==== Records for the task

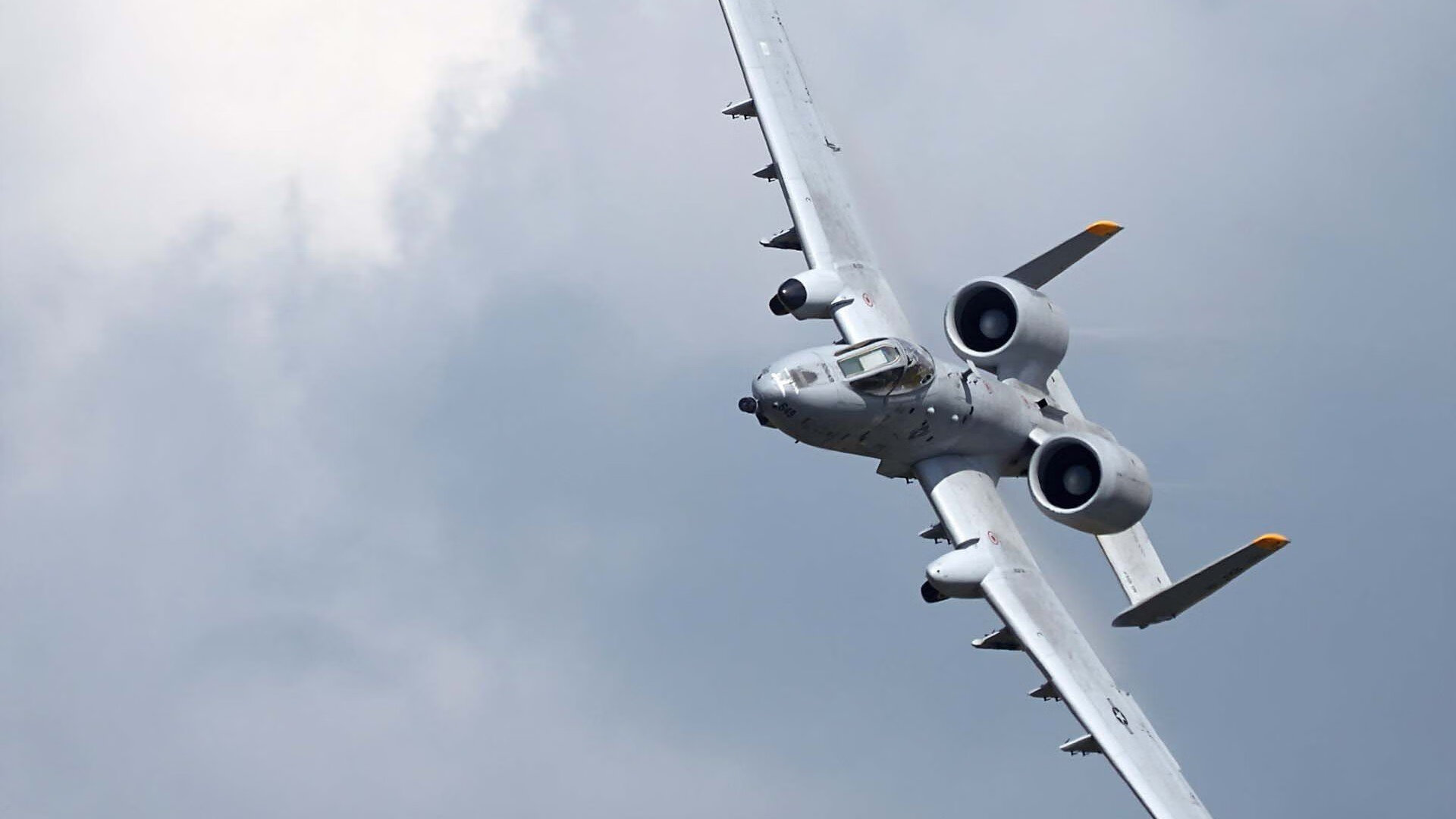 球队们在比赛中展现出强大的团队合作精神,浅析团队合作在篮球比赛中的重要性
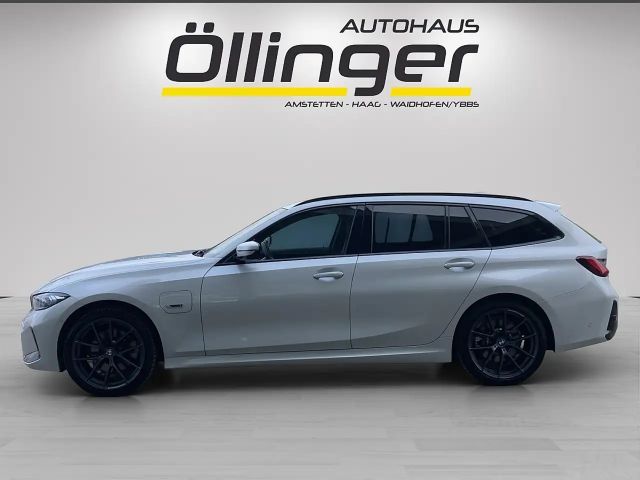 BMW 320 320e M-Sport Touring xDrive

========
==== Records for the task

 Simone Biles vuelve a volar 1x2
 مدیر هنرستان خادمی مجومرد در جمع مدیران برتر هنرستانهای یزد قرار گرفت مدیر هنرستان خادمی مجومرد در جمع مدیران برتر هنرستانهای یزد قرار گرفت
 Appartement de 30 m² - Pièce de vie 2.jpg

========

Scan the lines above for "Simone Biles vuelve a volar 1x2" and for "Appartement de 30 m² - Pièce de vie 2.jpg". Repeat exactly the line holding each of them and every line in between.

Expected output:
 Simone Biles vuelve a volar 1x2
 مدیر هنرستان خادمی مجومرد در جمع مدیران برتر هنرستانهای یزد قرار گرفت مدیر هنرستان خادمی مجومرد در جمع مدیران برتر هنرستانهای یزد قرار گرفت
 Appartement de 30 m² - Pièce de vie 2.jpg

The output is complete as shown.